**Activity**
Output nothing but the lines from the one holding "The Baobab Collection" to the end of the listing. Reproduce them exactly, without the pictures.

***

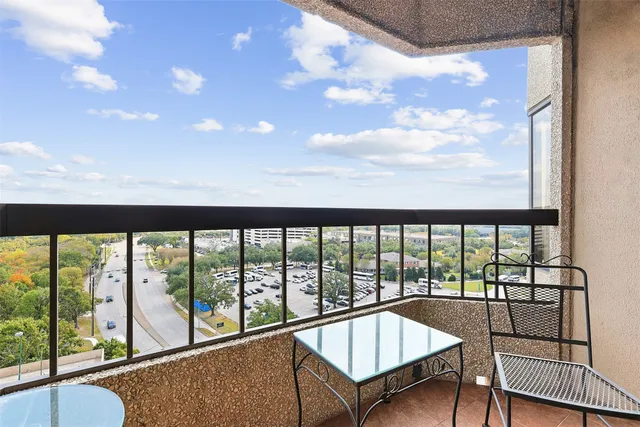 a view of a city from a balcony with furniture
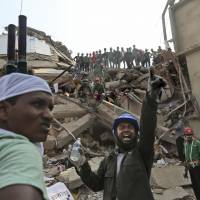 Amid the ruins: A Bangladeshi rescuer shouts for assistance as another waits with a stretcher to take away the injured or deceased Thursday at the site of a building that collapsed Wednesday in Savar, near Dhaka. | AP
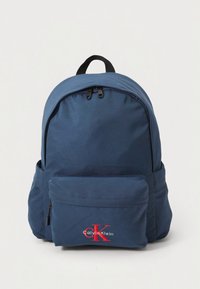 Navy blue nylon backpack with a rounded design, dual zippers, front pocket, and a red Calvin Klein logo on the lower front.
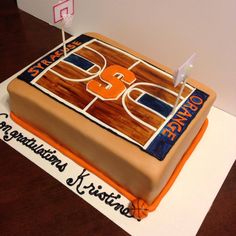 a cake that is sitting on top of a table with a basketball court in the middle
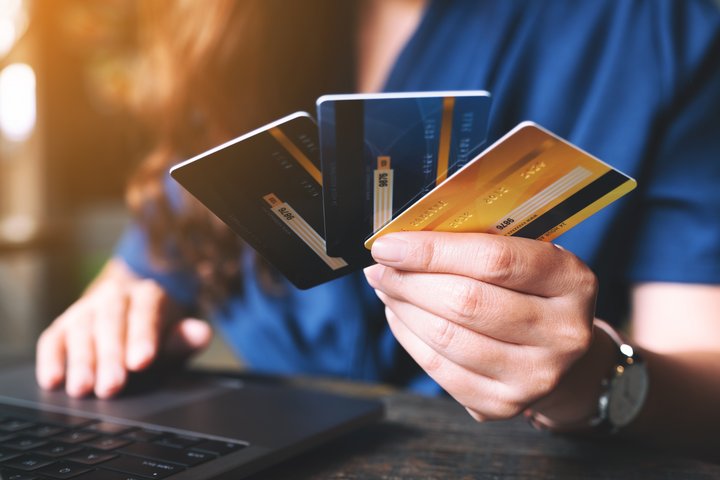 People holding  the best business credit cards while using laptop computer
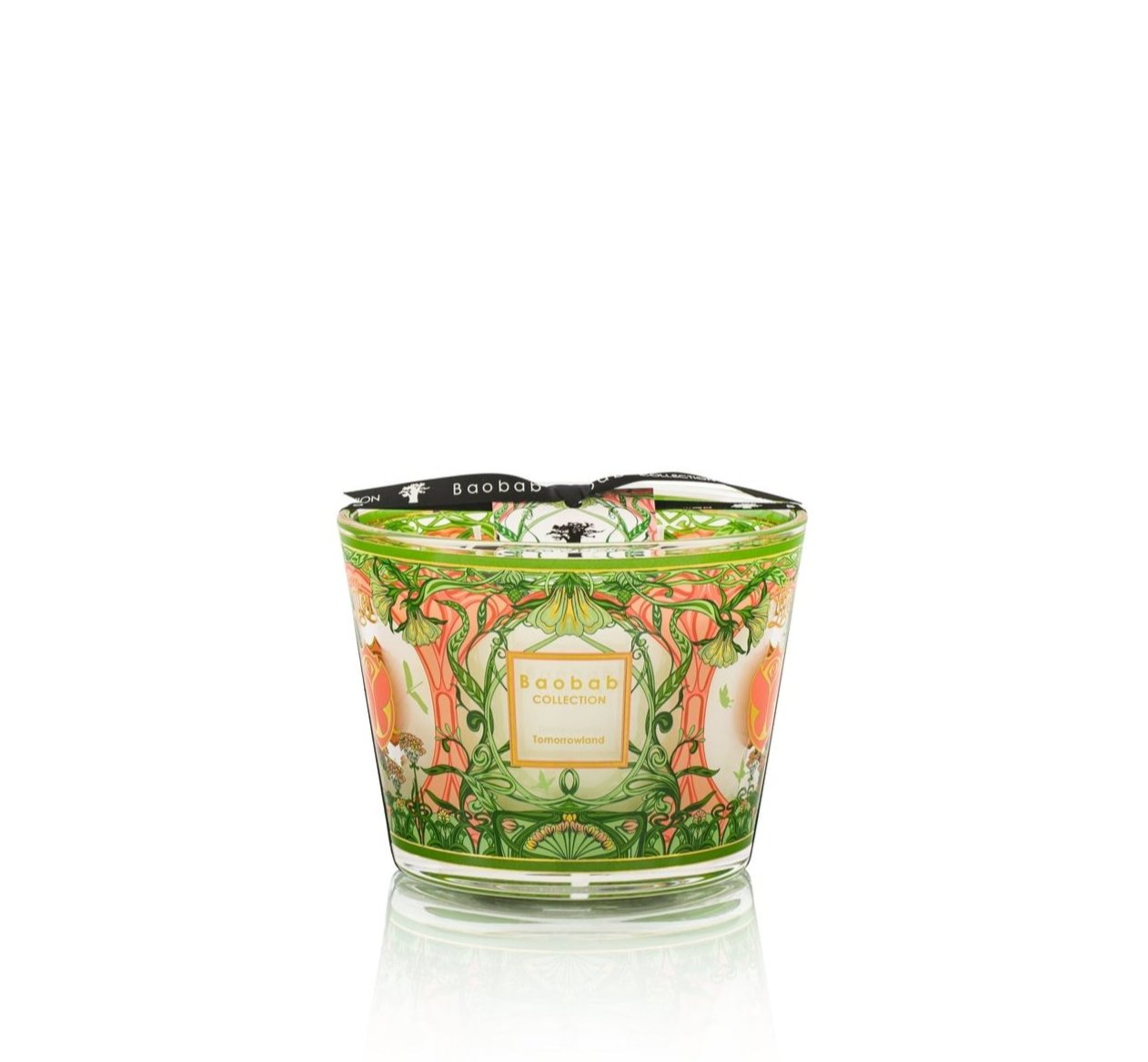 The Baobab Collection Tomorrowland Candle, inspired by Art Nouveau, features a floral and leaf design, enhanced by a black ribbon and label on the front.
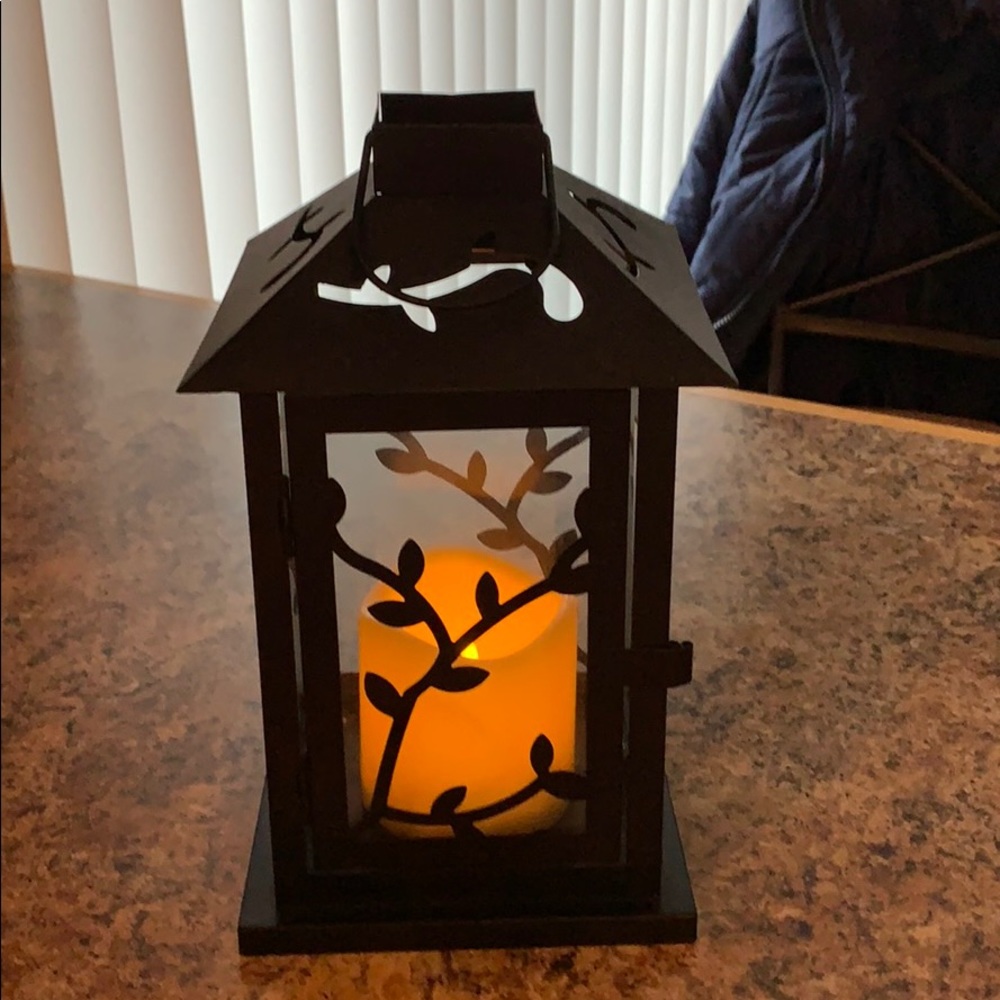 Decorative lantern with faux candle.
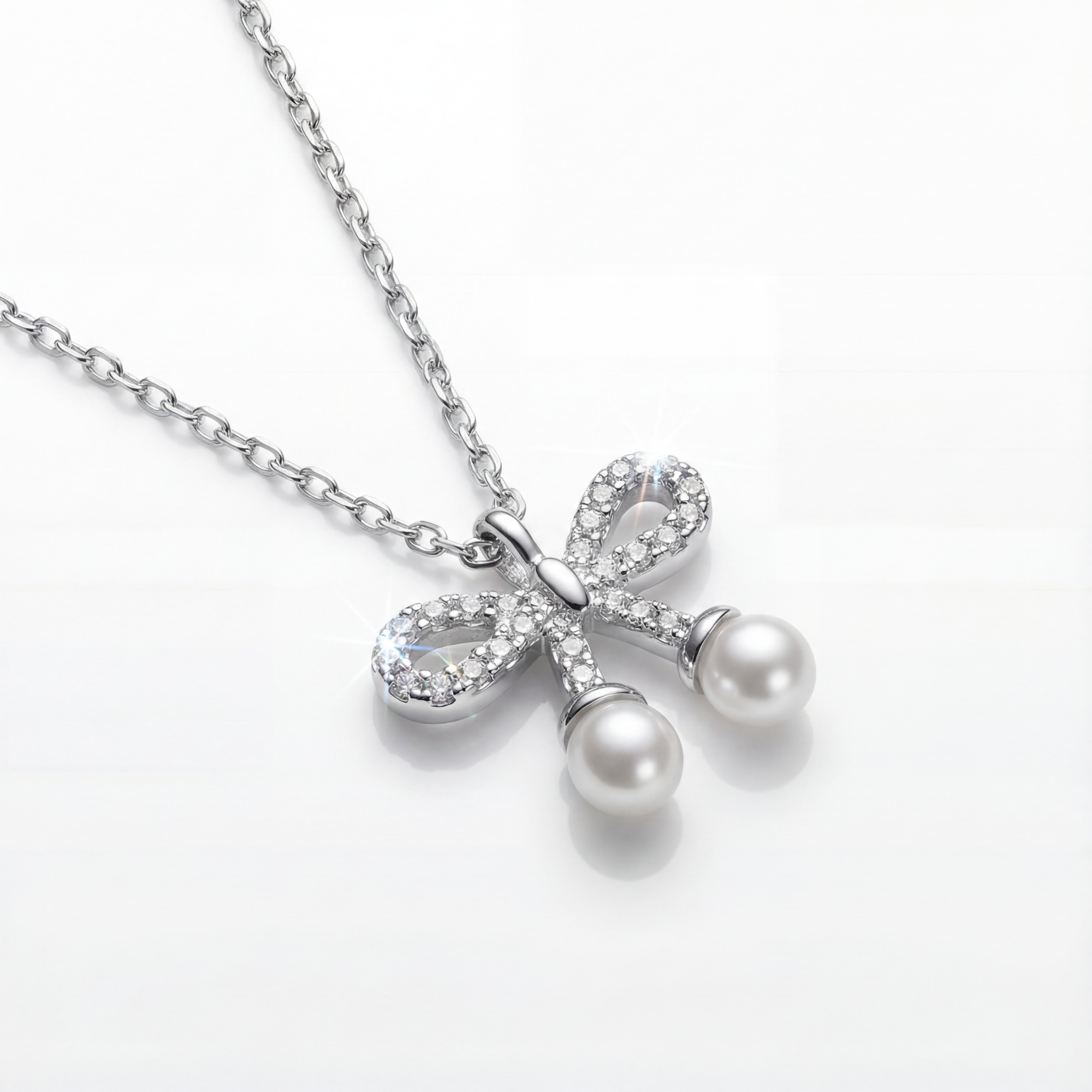 Sparkle Studded bow with Pearl Drop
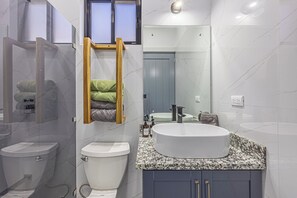 Shower, hair dryer, towels, soap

***

**Solution for this problem**
 The Baobab Collection Tomorrowland Candle, inspired by Art Nouveau, features a floral and leaf design, enhanced by a black ribbon and label on the front.
 Decorative lantern with faux candle.
 Sparkle Studded bow with Pearl Drop
 Shower, hair dryer, towels, soap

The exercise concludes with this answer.